Earnings from exports by Kenyan cement firms have touched a new low, signalling loss of job opportunities to regional countries in the wake of a drop in domestic orders.
Preliminary exports statistics by the Central Bank of Kenya (CBK) show income from domestic cement exports plunged to Sh362.28 million in the first six months of the year, a 65.28 percent dip compared with Sh1.04 billion a year earlier.
Kenya’s cement exports in the review period have been declining sharply since 2015 largely due to setting up of new grinding plants and expansion of existing ones in Uganda and Tanzania.
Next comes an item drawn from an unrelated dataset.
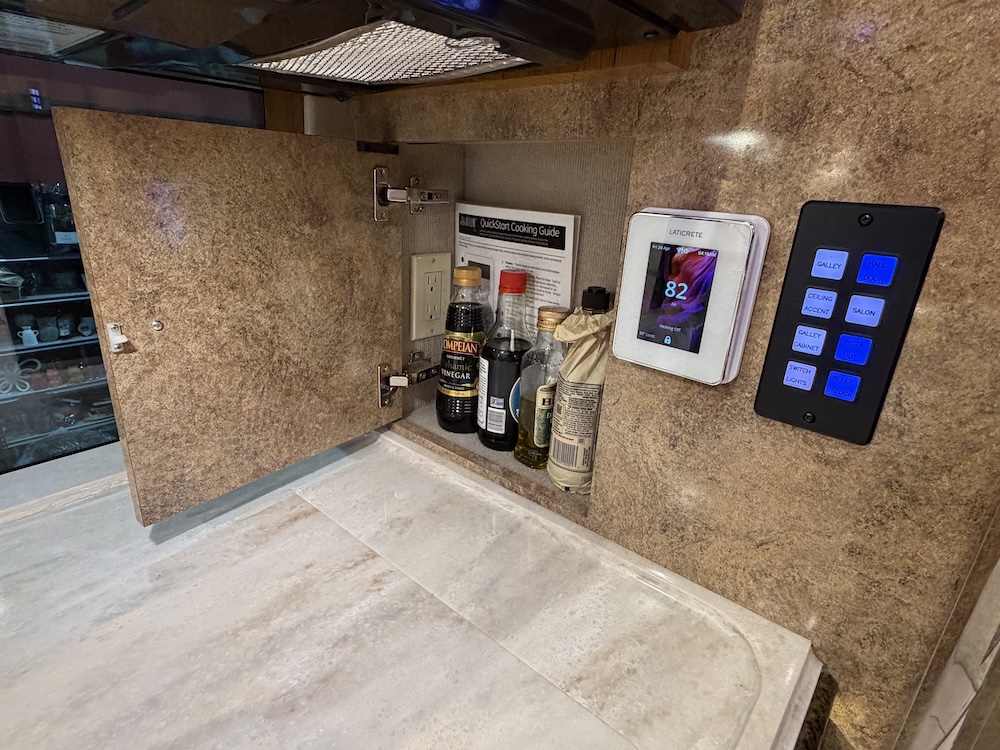 2016 Prevost Marathon H3-45 For Sale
“We have seen increased capacity in Uganda in particular especially for Bamburi Cement,” ICEA Lion Asset Management head of research Judd Murigi said.
“A lot of Kenyan cement was supplying in the Ugandan market but now with the increase in capacity in Uganda, that has lowered the need for Kenyan operations of Bamburi to supply.”
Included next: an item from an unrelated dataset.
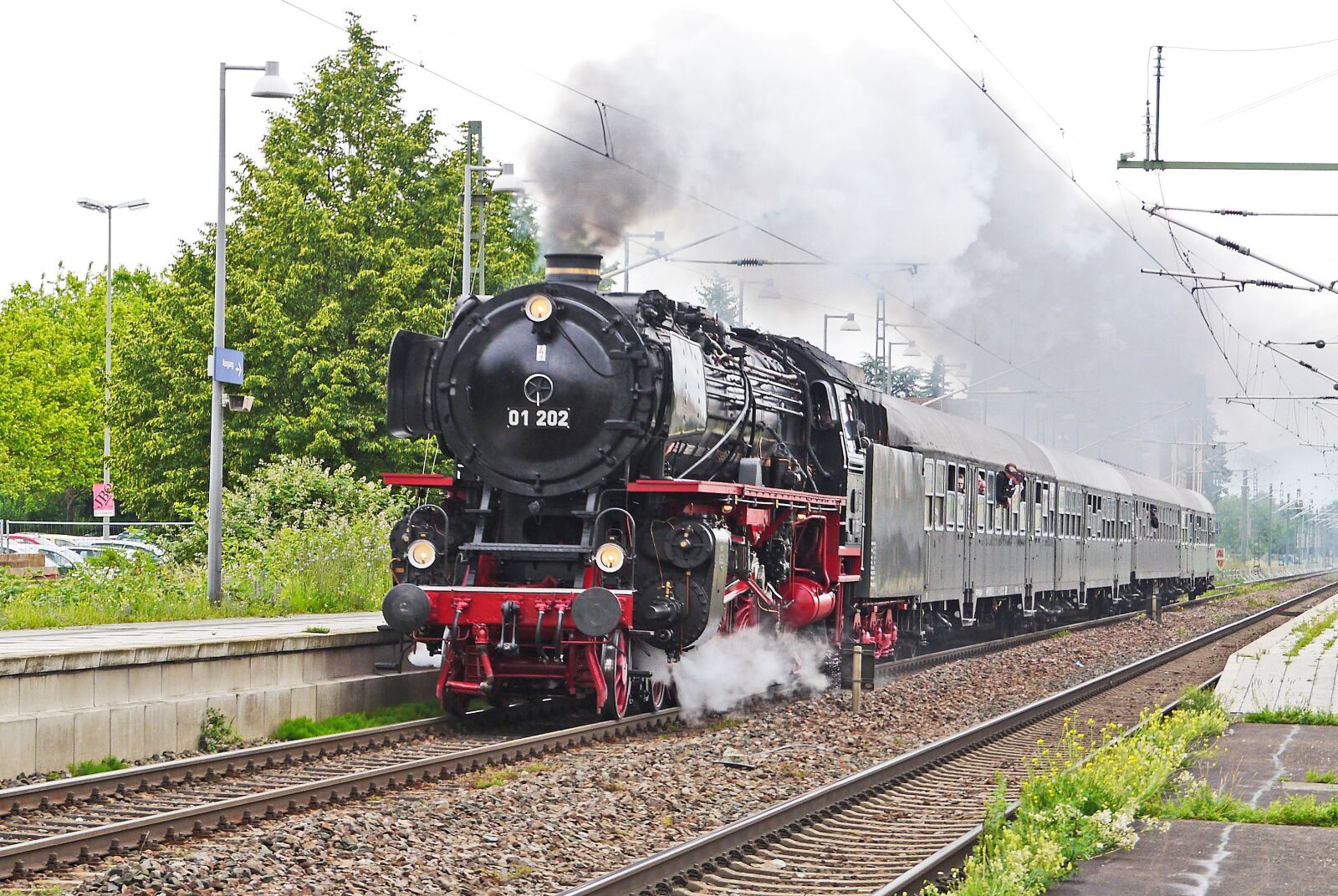 Panasonic Lumix DMC-GH3 sample photo. Steam locomotive, express train photography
Bamburi Cement Group’s subsidiary in Uganda, Hima, in May last year started production at 800,000-tonne-a-year capacity grinding factory in Tororo, put up for $40 million (Sh4.13 billion) from January 2017.
The station has supplemented output at the main plant at Kasese, raising Hima Cement’s annual production capacity to 1.7 million tonnes. “With the commissioning of Tororo Grinding Station, production constraints have reduced significantly,” Bamburi wrote in the 2018 annual report published in April.
Sales in Tanzania have, on the other hand, partly been hit by the collapse of ARM Cement, Mr Murigi said.
The data show cement exports in the January-June period have sharply contracted from a recent high of Sh4.68 billion in 2012 to Sh2.67 billion in 2016, Sh1.78 billion (2017), Sh1.04 billion last year and Sh362.28 million this year.
Housing has been one of Kenya’s fastest-growing sectors in the last decade, with returns from real estate outpacing equities and government securities.
The property market has, however, suffered dipping growth in sales and rental prices in recent years, surveys by Kenya Bankers Association as well as consultancies such as Knight Frank and HassConsult have suggested.
This has partly been attributed to reduced flow of loans to homes following the enforcement of legal ceiling on interest rates, hurting house sales in the process.
Flagging sales domestically and regionally reduces the room for cement factories to create jobs, with some like loss-making State-controlled East African Portland Cement Company opting to sack workers and rehiring a fraction on contracts in efforts to cut costs.